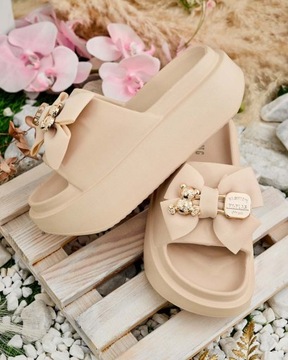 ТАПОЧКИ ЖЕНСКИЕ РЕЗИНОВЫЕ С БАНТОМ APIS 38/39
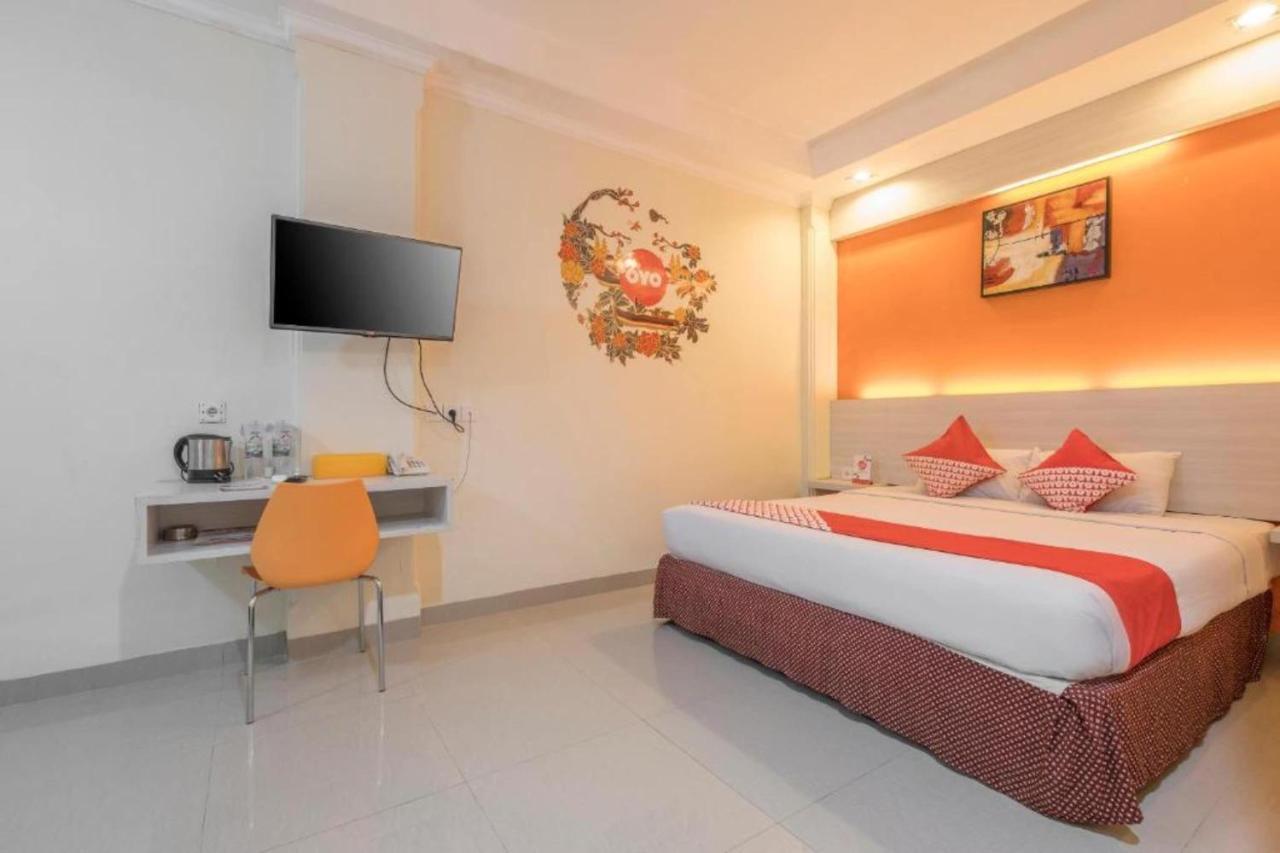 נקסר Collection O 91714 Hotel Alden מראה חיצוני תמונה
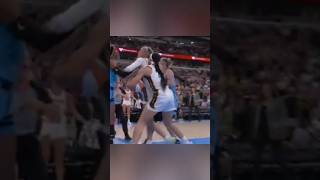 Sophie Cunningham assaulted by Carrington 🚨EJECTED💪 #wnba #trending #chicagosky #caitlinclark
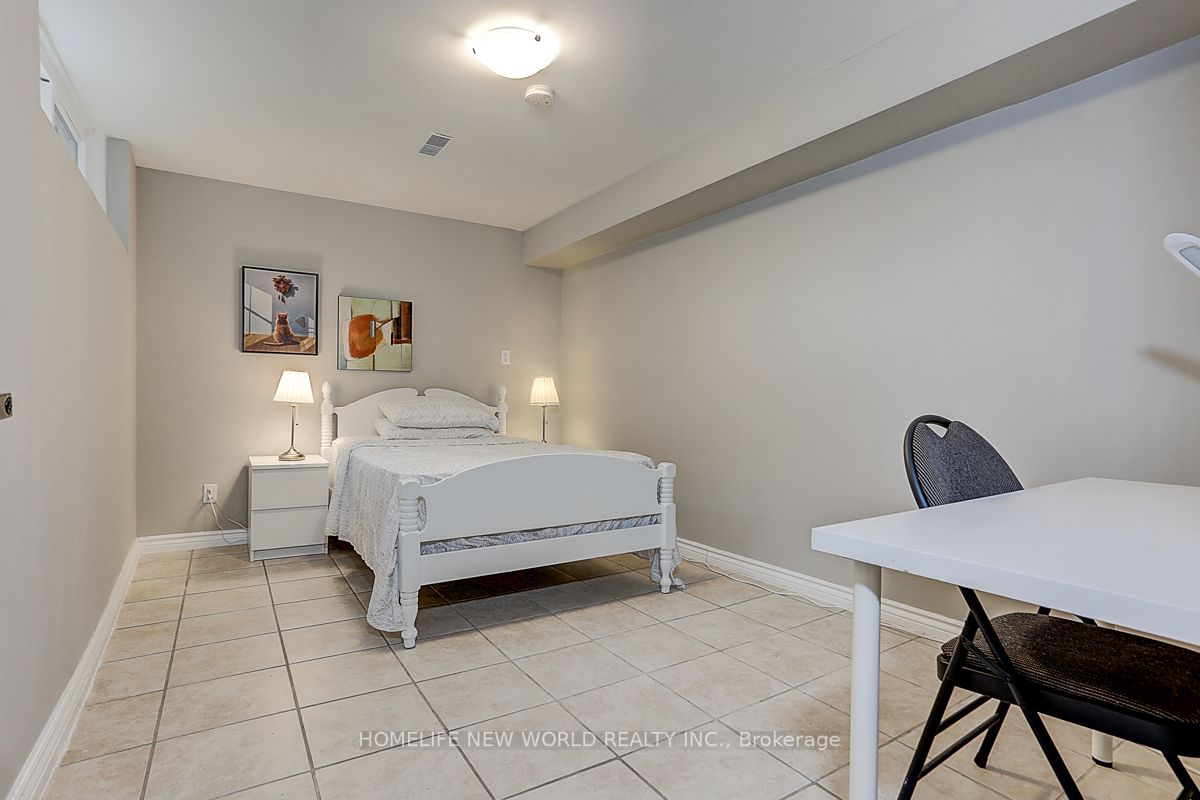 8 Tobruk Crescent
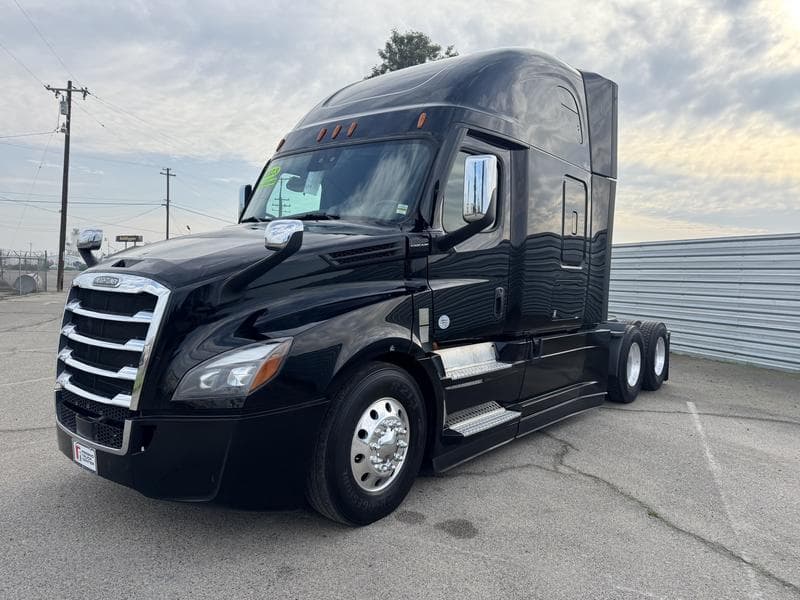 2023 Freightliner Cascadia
-*-
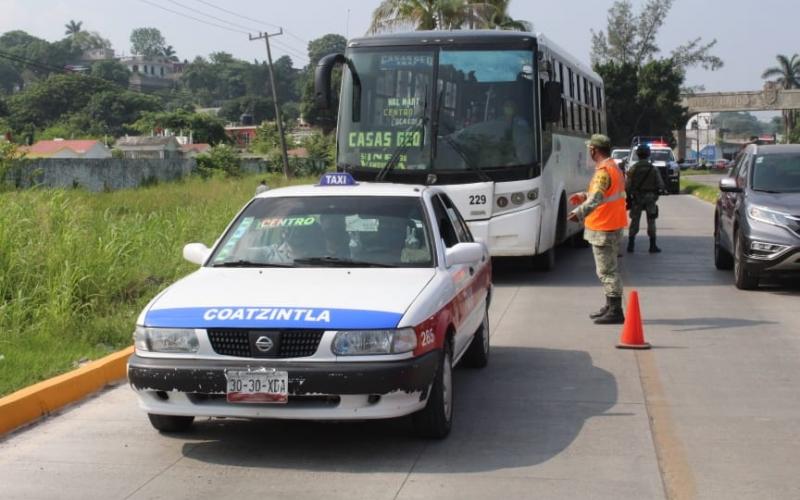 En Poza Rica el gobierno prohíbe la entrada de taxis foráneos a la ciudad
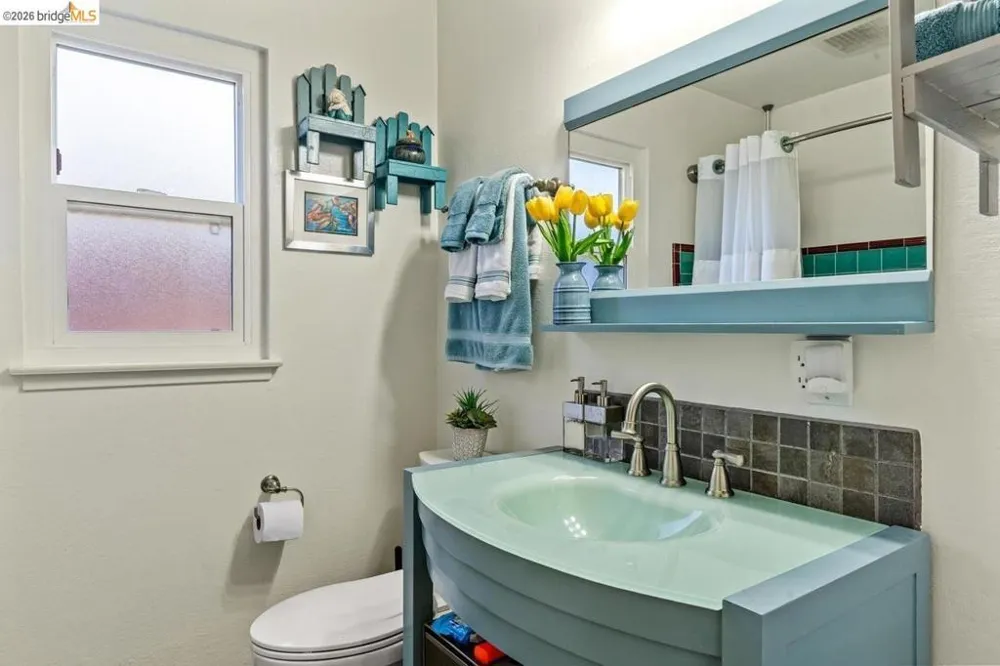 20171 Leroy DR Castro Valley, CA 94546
-*-
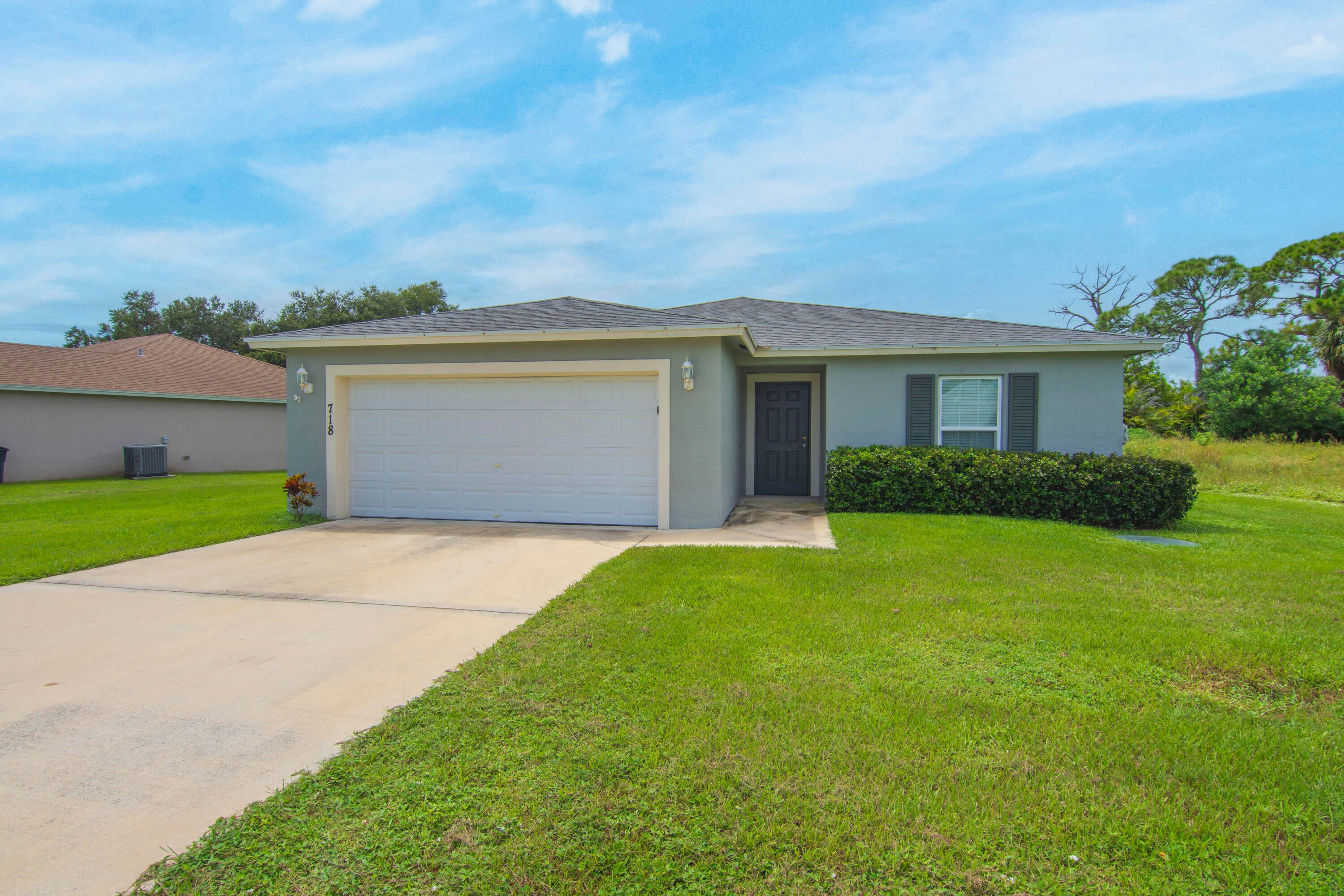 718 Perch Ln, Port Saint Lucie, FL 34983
-*-
What is expected:
The line holding "En Poza Rica" starts the copy and the line holding "20171 Leroy DR Castro Valley, CA 94546" ends it. Repeat those two lines above and all between them exactly, leaving out pictures.

Task output:
 En Poza Rica el gobierno prohíbe la entrada de taxis foráneos a la ciudad
 20171 Leroy DR Castro Valley, CA 94546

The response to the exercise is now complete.